### SUPPLIED INFORMATION:

****************

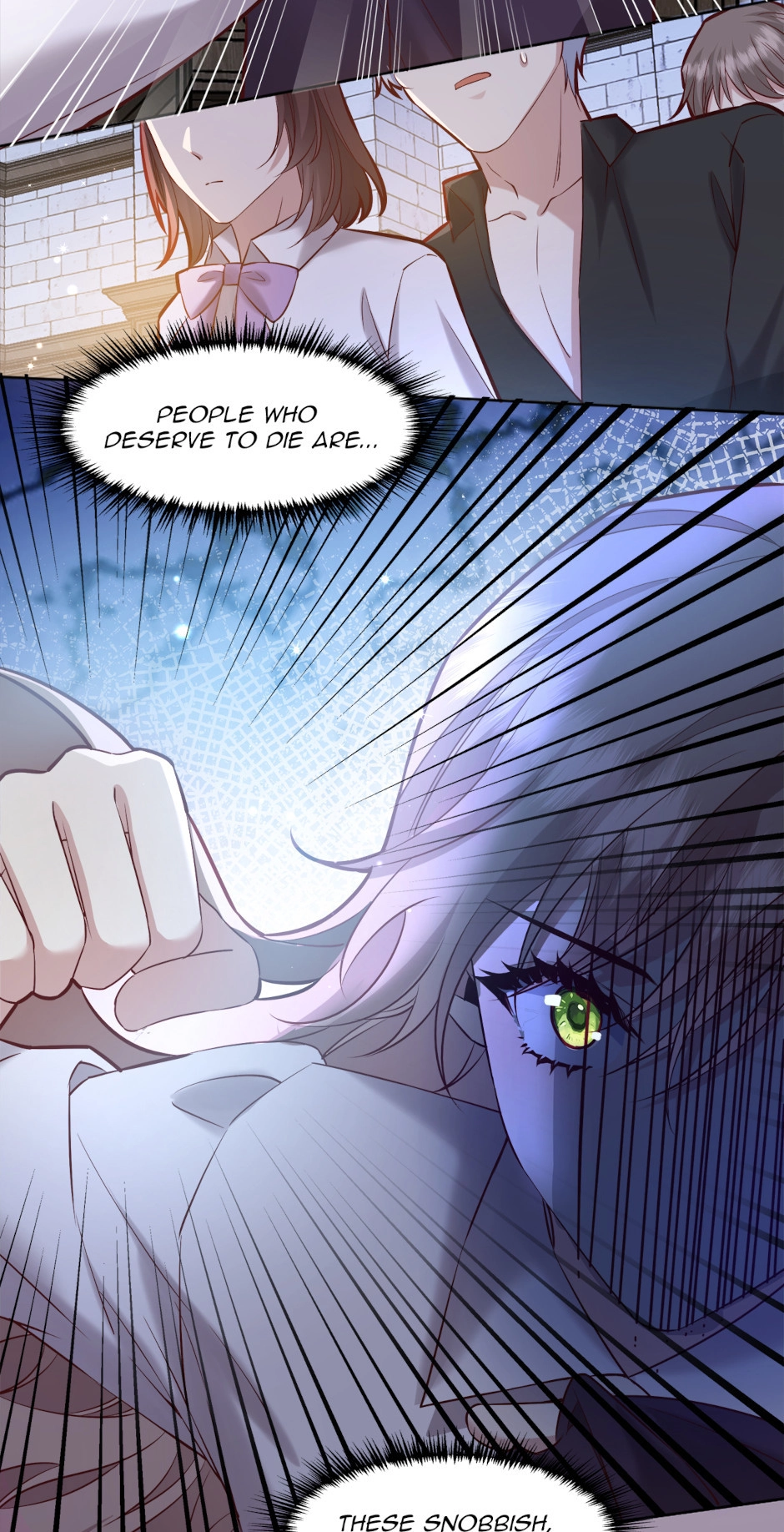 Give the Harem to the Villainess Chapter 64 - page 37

****************

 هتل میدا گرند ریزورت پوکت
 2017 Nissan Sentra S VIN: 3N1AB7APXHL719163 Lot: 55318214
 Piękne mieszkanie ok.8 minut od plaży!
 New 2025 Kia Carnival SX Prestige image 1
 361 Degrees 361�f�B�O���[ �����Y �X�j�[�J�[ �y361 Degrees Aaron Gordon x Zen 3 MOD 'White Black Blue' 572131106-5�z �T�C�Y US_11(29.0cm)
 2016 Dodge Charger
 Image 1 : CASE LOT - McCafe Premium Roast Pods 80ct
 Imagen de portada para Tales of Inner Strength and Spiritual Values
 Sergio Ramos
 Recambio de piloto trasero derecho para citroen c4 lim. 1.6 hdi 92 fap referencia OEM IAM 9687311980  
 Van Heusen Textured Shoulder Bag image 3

****************

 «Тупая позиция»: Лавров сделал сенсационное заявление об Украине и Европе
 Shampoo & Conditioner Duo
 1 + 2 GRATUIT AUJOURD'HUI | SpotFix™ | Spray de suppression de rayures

****************

### PROBLEM TO WORK ON:
Set down exactly the lines of the data above, beginning with the line that has "Image 1 : CASE" and ending with the line that has "Van Heusen Textured Shoulder Bag image 3", and no others.

### OUTPUT OF THE TASK:
 Image 1 : CASE LOT - McCafe Premium Roast Pods 80ct
 Imagen de portada para Tales of Inner Strength and Spiritual Values
 Sergio Ramos
 Recambio de piloto trasero derecho para citroen c4 lim. 1.6 hdi 92 fap referencia OEM IAM 9687311980  
 Van Heusen Textured Shoulder Bag image 3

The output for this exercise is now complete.